Embedded autonomous driving system with perception, decision-making, and control on NVIDIA Jetson

Overview

This project implements an embedded autonomous driving system on the NVIDIA Jetson platform, covering the complete pipeline of:

Perception → Decision-Making → Control

The system integrates deep learning-based perception with rule-based planning and real-time control under embedded resource constraints.

Key capabilities include:

  • real-time object detection and lane perception
  • rule-based driving decision-making
  • closed-loop vehicle control
  • deployment on embedded GPU (Jetson)

System Architecture

The system follows a modular pipeline:

Perception → Environment Understanding → Behavior Planning → Vehicle Control

At each control cycle:

  1. Capture camera input
  2. Detect objects (vehicles, pedestrians, traffic lights)
  3. Extract lane geometry and estimate vehicle offset
  4. Generate behavior decisions (e.g., stop, turn, slow down)
  5. Output steering and speed commands

All modules run in real time on the Jetson onboard system.


Perception Module

Object Detection (YOLOv5)

  • Used YOLOv5 for detecting vehicles, pedestrians, and traffic lights
  • Trained on a custom dataset with augmentation (brightness, scaling)
  • Optimized with TensorRT for real-time inference on embedded GPU

Outputs:

  • bounding boxes + class labels
  • traffic light states (red / yellow / green)

Lane Detection (Classical CV)

  • Perspective transformation (bird’s-eye view)
  • Canny edge detection
  • Hough transform for lane extraction
  • Polynomial fitting for lane center estimation

The system computes lateral deviation for steering control.


Sensor Fusion (Camera + Radar)

To improve robustness, a camera–radar fusion module was implemented:

  • Camera → semantic understanding
  • Radar → reliable distance measurement

Fusion steps:

  • coordinate alignment between sensors
  • association between radar returns and detected objects
  • distance estimation refinement

This improves obstacle localization under challenging lighting conditions.

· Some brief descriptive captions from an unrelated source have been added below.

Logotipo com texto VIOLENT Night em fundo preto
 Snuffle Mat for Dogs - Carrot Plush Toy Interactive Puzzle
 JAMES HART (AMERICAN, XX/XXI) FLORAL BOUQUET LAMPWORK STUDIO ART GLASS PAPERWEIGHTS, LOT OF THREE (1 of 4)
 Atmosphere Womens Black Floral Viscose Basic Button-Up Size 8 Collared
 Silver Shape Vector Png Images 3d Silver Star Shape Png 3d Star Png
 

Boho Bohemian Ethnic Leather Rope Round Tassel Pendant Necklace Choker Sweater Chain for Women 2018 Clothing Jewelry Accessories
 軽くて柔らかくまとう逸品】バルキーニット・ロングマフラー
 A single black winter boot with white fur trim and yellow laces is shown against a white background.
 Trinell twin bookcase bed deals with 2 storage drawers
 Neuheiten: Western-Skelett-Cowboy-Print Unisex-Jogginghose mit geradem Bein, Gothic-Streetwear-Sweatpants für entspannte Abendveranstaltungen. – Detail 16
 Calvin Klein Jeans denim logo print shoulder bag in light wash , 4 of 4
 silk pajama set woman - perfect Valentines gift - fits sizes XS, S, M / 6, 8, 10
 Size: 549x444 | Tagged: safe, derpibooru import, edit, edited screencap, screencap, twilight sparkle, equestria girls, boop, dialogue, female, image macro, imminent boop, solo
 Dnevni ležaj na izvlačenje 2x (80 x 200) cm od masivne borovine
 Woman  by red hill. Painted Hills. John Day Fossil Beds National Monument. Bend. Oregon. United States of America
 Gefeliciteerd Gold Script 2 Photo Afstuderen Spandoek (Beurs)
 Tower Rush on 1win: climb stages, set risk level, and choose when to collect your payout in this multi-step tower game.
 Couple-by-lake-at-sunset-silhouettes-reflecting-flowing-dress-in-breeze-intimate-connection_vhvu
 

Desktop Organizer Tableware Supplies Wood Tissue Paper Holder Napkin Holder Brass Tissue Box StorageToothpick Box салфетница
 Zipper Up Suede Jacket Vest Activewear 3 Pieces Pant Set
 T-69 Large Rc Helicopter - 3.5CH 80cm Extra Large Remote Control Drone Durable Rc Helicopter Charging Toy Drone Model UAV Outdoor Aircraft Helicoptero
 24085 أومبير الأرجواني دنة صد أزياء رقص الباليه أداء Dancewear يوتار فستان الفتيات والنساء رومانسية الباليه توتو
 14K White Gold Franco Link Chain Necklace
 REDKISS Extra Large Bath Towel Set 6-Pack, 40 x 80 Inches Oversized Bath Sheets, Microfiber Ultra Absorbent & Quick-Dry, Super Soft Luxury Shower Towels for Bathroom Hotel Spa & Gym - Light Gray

Behavior Planning (Core Contribution)

A rule-based decision system with FSM (Finite-State Machine) was designed to control vehicle behavior.

Decision Rules

  • Traffic light
    • red → stop
    • green → go
  • Obstacle
    • object in safety region → slow down / stop
  • Lane following
    • maintain alignment with lane center
  • Crosswalk
    • detected → reduce speed

FSM Design

The system defines states such as:

  • driving
  • stopping
  • obstacle avoidance

Transitions are triggered by perception outputs, ensuring:

  • stable behavior
  • interpretable logic
  • real-time responsiveness

Control Module

Steering Control

Proportional controller:

[ \delta = k_p \cdot e ]

  • (e): lateral deviation
  • (\delta): steering command

Speed Control

  • normal speed → lane following
  • reduced speed → crosswalk / obstacles
  • stop → red light

Embedded Optimization

To achieve real-time performance on Jetson:

  • TensorRT acceleration for YOLOv5
  • reduced input resolution
  • asynchronous perception and control pipeline
  • GPU utilization tuning

Technical Stack

Hardware

  • NVIDIA Jetson (embedded GPU)
  • monocular RGB camera
  • millimeter-wave radar

Software

  • Python, PyTorch, TensorRT

Algorithms

  • YOLOv5 object detection
  • classical lane detection (Canny + Hough)
  • rule-based planning + FSM
  • proportional control

Outcome

The system demonstrates a complete embedded autonomous driving pipeline capable of:

  • real-time perception on embedded hardware
  • stable lane following and obstacle avoidance
  • interpretable decision-making via FSM
  • closed-loop control under resource constraints

Key Takeaways

  • Built a full perception–decision–control system from scratch
  • Gained hands-on experience in embedded AI deployment
  • Developed understanding of decision-making systems in autonomous driving

This project marked my transition from general computer vision to autonomous driving systems, and motivated my later research in multi-agent perception and communication-efficient occupancy prediction.